植民地化の後、資源略奪等をめざして現地人の搾取・強制労働がしばしば組織化されるが(前稿)、それがジェノサイドに結びつく場合もあった。だがジェノサイドは一般的に、(a)植民地化の過程で、あるいは(b)植民地化後に起こった抵抗運動や独立戦争の過程で、引き起こされるのが普通であろう。
日本によって朝鮮で引き起こされたのは、主に前者(a)のジェノサイドである。
日本は1894年、朝鮮支配をめざして「日清戦争」を起こすが、その過程で、反封建・反帝国主義に立った東学農民軍に対するジェノサイドに打って出た。当時、参謀本部の実質的なトップである川上操六は、同農民軍を「ことごとく殺りくすべし」と命じた(井上勝生他『東学農民戦争と日本──もう一つの日清戦争』高文研、65p)。
この命令の下、日清戦争による日本人死者をはるかに上回る3~5万人もの農民が、日本軍に殺されたのである(加藤圭木他『日韓の歴史問題をどう読み解くか──徴用工・日本軍「慰安婦」・植民地支配』新日本出版社、114p)。
その後日本は、日清戦争後のこう着した状態を打開せんものと朝鮮王后の暗殺(1895年)等を引き起こしたが、これに対して大規模な抗日義兵闘争が巻き起こった。そして日本はこれをも容赦のない鎮圧の対象とし、1万8000人近い朝鮮人が犠牲になった(海野福寿『韓国併合』岩波書店、188p)。
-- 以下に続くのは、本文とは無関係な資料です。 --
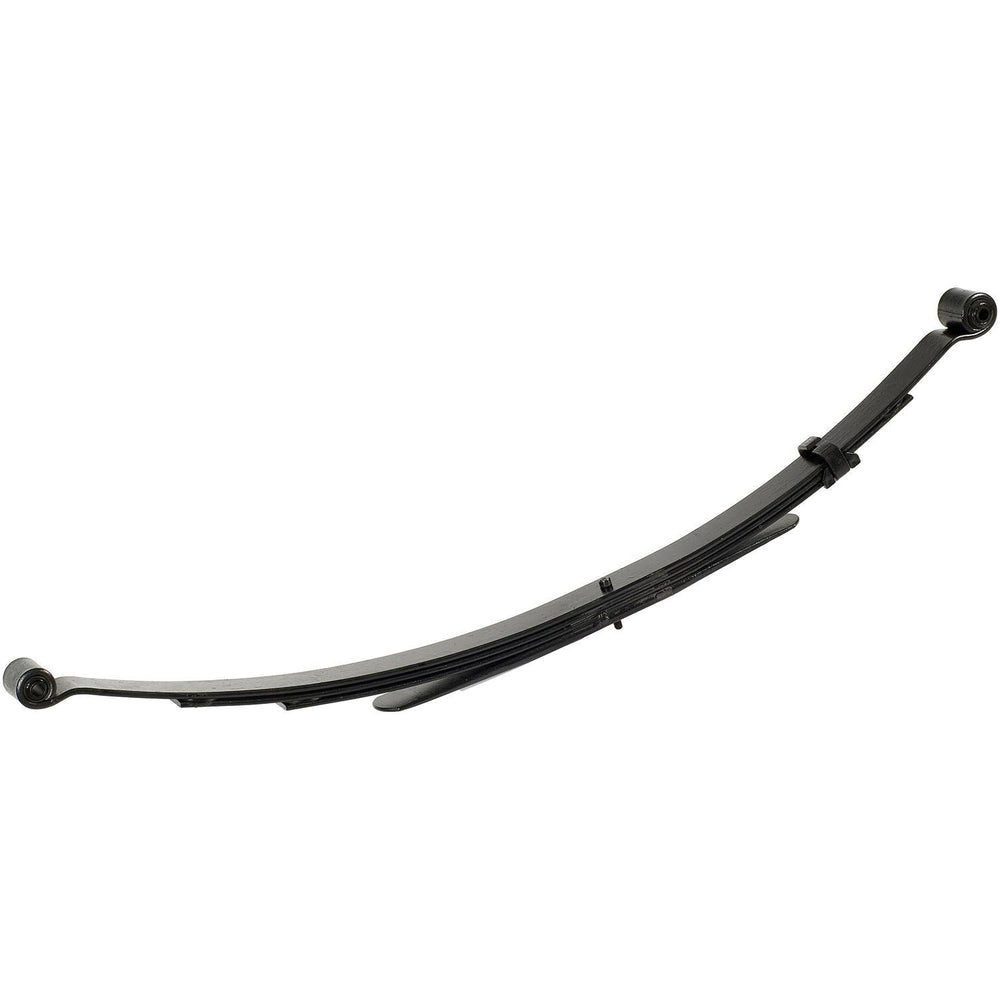 LEAF SPRING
また日本による植民地支配下にあって独立への意志を明示した「三・一運動」(1919年)は、流血の下に葬られた。立ち上がった民衆は身に寸鉄を帯びなかったにもかかわらず、その死者は7500人にのぼった(加藤他、同前)。
ダーバン会議以降、かつての植民地国から、抵抗運動・独立戦争時のジェノサイドに対する謝罪・補償等の要求がくり返し出されているが(後述)、日朝関係では、少なくとも前記ジェノサイドについて、そうした話は耳にしたことがない。だがどういう形にせよ、今後、これらの問題は改めて問われるようになるのは、もはや避けえないだろう。
日本国内で起きたジェノサイドについてさえ、謝罪はもちろん調査さえ満足に行われていない。
関東大震災(1923年)のおり、いまだに正確な実態がつかめないが、1500人弱~6500人強(加藤直樹『九月、東京の路上で──1923年関東大震災ジェノサイドの残響』ころから、171p)もの在日朝鮮人が、警察・内務省等が増幅し権威づけた流言飛語に基づいて、在郷軍人を主にした自警団、および警察・軍によって虐殺された。